Labour MP Rachael Maskell and her colleagues were stripped of the whip after voting against government plans to cut Personal Independence Payments. In response, she looks to the legacy of social reformers Joseph and Seebohm Rowntree.

People take part in a protest against disability welfare cuts in London, on June, 2025. (Credit: Carl Court via Getty Images.)

In politics, things just happen. I always hope those caught in the moment make the right choices, so that good might follow. That’s the optimism I hold now.

As my three colleagues and I were unexpectedly stripped of the whip last week for voting against government plans to cut Personal Independence Payments, we have to ask: why was breaking the whip met with such a punitive response? After all, we’re hardly the first to disagree. When lives are at stake and poverty is set to rip into the pockets of the poorest — leaving 700,000 sick and disabled people worse off, including an additional 150,000 pushed into poverty — Labour values should surely cry out that this cannot be right. Ours did, joined by the wider labour movement.

Our reasoned amendment consulted with Deaf and Disabled People’s Organisations and charities, and it received the support of over 138 organisations. We amplified the voice of those who were not being heard. The harsh response of suspension has stripped us of the right to represent those who look to us. It is totalitarian in nature, not reflective of the purpose of our party.

It has left sick and disabled people confused and concerned. It has left them poorer. It has left me searching. So I zoom out. I look beyond this moment and reflect.

Over the next year, my city of York is focused on poverty. This year marks 100 years since the death of social industrialist Joseph Rowntree, and next year brings the 125th anniversary of Seebohm Rowntree’s landmark report Poverty, A Study of Town Life, which inspired some of the greatest social reforms in history involving: social housing, pensions, access to the arts and exercise, healthcare for all workers, and, above all, wages that kept poverty from the door.

Today, the Joseph Rowntree Foundation stands among the fiercest critics of the current Universal Credit Bill, advocating that the welfare system should have an ‘Essentials Guarantee’ built into it, to prevent cuts from driving the vulnerable into destitution and providing a level of security for all those who need it.

As I watched His Last Report at York Theatre Royal on Saturday night — a play based on Seebohm’s life — I was reminded of the suffering poverty inflicts, and how directing resources to the right place can free people from its grip. Not just to lift people above the poverty line, but to break the cycle for future generations. The tragedy, drawn out in the play, was that the Great Recession led to workers being laid off, and the poverty cycle restarted once again.

In the play’s final scene, Seebohm was a broken man. He had understood poverty and committed himself to combatting it but knew it would intensify if those in power made the wrong choices. He simply tore up his report and placed it into a brazier.

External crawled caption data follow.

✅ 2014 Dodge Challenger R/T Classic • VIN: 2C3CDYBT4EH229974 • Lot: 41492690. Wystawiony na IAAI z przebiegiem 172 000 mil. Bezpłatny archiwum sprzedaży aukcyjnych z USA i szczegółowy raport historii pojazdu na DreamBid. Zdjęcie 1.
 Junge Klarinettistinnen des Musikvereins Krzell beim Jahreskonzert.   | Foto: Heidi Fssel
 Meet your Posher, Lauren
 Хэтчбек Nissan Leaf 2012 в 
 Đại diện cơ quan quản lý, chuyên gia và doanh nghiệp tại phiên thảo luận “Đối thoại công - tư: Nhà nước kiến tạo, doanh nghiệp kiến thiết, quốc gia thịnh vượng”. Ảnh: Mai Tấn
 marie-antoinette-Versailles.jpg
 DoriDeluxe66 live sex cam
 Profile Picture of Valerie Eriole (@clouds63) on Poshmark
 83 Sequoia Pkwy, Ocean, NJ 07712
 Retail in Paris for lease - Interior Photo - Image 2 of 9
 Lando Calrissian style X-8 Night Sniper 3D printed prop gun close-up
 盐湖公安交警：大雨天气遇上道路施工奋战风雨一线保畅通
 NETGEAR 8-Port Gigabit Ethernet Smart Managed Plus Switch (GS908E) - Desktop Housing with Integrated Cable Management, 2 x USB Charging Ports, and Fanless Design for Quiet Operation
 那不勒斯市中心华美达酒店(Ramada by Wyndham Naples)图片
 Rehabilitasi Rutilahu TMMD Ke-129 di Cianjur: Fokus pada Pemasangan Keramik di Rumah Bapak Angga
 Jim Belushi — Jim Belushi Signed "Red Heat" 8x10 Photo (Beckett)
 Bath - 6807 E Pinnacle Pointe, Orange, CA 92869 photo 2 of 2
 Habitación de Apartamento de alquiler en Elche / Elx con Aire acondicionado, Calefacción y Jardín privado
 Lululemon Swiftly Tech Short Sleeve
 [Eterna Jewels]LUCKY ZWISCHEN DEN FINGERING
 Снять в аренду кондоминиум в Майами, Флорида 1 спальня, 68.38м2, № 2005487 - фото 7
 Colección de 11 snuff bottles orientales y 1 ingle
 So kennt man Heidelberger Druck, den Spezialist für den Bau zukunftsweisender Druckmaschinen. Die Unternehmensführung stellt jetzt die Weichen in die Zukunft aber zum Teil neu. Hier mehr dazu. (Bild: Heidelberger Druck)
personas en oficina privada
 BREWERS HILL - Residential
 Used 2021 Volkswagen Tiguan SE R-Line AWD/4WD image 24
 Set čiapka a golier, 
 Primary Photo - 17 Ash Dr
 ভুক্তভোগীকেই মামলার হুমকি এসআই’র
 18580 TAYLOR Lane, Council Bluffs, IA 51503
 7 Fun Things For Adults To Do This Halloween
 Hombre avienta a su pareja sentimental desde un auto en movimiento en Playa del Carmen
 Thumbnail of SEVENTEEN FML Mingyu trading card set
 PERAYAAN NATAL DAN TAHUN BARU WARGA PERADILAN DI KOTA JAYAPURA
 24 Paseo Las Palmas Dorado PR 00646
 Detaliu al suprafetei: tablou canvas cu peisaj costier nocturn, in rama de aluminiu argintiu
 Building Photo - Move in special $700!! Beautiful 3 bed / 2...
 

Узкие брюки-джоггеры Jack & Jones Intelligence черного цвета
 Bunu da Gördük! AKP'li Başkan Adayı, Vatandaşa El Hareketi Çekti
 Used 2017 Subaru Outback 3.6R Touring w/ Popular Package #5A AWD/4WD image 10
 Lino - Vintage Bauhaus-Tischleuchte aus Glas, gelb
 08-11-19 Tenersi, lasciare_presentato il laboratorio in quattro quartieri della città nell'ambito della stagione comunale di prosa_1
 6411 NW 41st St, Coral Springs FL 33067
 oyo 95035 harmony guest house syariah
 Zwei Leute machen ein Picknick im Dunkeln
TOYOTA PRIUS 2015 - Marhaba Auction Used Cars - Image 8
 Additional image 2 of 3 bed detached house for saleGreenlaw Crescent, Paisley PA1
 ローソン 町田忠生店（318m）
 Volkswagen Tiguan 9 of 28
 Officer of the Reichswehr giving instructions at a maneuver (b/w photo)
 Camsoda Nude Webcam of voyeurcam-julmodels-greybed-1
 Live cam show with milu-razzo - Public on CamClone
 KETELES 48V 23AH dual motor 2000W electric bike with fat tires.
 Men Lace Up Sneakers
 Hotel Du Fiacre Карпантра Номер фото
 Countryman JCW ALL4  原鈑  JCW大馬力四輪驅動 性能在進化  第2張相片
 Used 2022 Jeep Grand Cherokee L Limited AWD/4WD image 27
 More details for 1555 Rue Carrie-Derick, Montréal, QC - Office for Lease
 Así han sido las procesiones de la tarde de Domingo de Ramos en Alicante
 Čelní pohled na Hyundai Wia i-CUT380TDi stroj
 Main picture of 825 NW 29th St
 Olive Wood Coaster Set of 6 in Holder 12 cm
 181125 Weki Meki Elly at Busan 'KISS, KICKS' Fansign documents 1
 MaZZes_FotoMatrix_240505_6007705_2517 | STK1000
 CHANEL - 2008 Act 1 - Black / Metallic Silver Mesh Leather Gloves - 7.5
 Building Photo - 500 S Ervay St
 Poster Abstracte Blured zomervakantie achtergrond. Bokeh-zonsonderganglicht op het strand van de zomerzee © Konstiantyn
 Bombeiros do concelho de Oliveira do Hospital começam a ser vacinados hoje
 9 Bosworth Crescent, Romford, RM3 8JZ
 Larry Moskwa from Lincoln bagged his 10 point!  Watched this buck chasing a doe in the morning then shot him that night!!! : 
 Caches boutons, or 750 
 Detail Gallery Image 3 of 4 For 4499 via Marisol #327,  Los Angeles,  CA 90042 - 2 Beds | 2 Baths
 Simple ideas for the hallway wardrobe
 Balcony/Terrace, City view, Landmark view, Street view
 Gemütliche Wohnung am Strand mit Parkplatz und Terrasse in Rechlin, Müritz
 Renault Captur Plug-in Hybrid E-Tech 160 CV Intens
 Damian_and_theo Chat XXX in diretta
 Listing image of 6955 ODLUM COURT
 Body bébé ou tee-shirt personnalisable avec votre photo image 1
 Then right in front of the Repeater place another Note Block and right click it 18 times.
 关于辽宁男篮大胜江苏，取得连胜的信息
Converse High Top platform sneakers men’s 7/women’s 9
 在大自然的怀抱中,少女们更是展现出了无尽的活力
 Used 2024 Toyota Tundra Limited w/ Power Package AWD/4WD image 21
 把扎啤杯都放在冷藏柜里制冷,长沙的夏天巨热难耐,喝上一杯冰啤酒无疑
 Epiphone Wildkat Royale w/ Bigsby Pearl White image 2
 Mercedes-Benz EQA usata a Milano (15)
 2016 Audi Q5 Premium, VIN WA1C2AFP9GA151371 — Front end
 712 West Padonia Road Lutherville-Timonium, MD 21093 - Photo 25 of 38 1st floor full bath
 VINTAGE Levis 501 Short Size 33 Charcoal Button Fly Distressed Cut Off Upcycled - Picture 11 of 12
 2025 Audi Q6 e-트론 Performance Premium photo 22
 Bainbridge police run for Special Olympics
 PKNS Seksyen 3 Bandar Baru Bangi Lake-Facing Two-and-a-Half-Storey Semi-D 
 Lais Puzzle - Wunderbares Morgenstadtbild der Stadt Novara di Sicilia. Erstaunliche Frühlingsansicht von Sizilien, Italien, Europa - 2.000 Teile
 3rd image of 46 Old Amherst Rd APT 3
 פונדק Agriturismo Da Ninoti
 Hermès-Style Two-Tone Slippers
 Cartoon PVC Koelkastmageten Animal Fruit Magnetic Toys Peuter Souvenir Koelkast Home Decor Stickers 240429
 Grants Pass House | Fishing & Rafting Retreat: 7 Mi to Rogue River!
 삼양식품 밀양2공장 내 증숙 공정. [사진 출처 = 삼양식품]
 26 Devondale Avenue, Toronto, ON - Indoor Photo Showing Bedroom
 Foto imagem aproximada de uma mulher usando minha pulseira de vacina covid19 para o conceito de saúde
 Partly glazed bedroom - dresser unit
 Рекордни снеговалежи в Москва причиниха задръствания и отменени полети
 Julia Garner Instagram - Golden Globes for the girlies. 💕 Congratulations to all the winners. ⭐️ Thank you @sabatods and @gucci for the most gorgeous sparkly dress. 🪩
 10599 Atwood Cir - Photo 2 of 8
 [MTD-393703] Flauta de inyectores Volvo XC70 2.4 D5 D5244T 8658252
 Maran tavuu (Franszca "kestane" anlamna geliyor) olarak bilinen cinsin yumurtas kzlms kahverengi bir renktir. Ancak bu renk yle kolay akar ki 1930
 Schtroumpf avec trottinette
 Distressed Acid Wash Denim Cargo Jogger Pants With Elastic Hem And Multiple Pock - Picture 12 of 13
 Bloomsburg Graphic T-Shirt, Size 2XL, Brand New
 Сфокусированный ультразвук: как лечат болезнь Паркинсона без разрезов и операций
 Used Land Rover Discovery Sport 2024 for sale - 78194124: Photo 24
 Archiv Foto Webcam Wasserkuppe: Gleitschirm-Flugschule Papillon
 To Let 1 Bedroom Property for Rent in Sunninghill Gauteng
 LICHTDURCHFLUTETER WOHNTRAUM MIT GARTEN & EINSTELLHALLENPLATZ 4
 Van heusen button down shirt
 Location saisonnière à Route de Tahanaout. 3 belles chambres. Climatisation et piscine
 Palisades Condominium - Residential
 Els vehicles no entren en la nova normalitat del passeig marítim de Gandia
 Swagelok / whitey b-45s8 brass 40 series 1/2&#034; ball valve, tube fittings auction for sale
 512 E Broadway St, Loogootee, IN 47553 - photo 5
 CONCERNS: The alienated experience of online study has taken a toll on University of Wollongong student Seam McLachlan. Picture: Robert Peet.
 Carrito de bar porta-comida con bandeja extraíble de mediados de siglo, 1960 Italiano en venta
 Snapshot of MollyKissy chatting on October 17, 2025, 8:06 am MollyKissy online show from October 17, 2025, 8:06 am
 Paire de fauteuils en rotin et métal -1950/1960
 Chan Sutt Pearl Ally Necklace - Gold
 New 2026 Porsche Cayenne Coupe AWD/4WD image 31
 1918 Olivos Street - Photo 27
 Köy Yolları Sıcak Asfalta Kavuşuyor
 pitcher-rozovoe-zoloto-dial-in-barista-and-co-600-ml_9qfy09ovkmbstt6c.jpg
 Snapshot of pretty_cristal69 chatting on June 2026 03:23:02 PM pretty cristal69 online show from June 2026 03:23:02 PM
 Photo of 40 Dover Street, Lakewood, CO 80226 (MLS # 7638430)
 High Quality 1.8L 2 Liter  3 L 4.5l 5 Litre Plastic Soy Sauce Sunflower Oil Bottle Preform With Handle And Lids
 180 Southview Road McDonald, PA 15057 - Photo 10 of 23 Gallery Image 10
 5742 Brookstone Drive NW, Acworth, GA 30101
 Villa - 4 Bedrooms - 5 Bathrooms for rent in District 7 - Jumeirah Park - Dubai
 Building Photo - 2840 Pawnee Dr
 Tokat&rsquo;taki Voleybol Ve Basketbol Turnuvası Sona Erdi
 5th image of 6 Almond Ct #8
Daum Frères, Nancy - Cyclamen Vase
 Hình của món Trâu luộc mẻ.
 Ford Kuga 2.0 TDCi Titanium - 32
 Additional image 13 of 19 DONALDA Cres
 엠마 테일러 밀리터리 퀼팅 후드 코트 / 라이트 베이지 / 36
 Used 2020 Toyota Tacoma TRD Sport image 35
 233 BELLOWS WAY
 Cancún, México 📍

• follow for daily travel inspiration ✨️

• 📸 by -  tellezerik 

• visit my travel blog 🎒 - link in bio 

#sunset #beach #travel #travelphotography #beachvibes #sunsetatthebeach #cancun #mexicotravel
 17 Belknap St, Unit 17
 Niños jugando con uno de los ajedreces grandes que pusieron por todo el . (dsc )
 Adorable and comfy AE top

As I look across my city, I know so many are hanging on by their fingertips — and for some, holding on is already proving too difficult. In the Second Reading debate, I told the story of one of my constituents living with mental health challenges. He was on the edge of life. So why would I vote to make life harder? I am in Parliament to protect people from poverty, to act with compassion and kindness. I will therefore take the lashings from the whip if it means I can keep people safe.

Just look at our country now. Ask yourself: is this progress? We can’t afford for political orthodoxy to keep breaking our nation while others profit from the pain. We as MPs cannot walk through the voting lobbies, applauded by the elite, while others are crushed.

Politics is in existential crisis. It sustains a broken system, a reckless economy, and a violent world. It suppresses those the Labour Party was founded to protect and represent. The obvious danger is that without a plural and broad progressive voice inside Labour and the House of Commons, people will look to other actors, such as Reform, currently casting themselves as against a political elite whilst courting the Trump-playbook of slashing public spending and with it, our key public services.

As Seebohm Rowntree’s report burned in the brazier, the fire within me was lit again. The burning injustices of our time must determine how we speak and how we vote. I had the opportunity to choose whether a light would shine or be snuffed out. I chose light.

Surely this sorry episode must now whip our party back into rediscovering its purpose.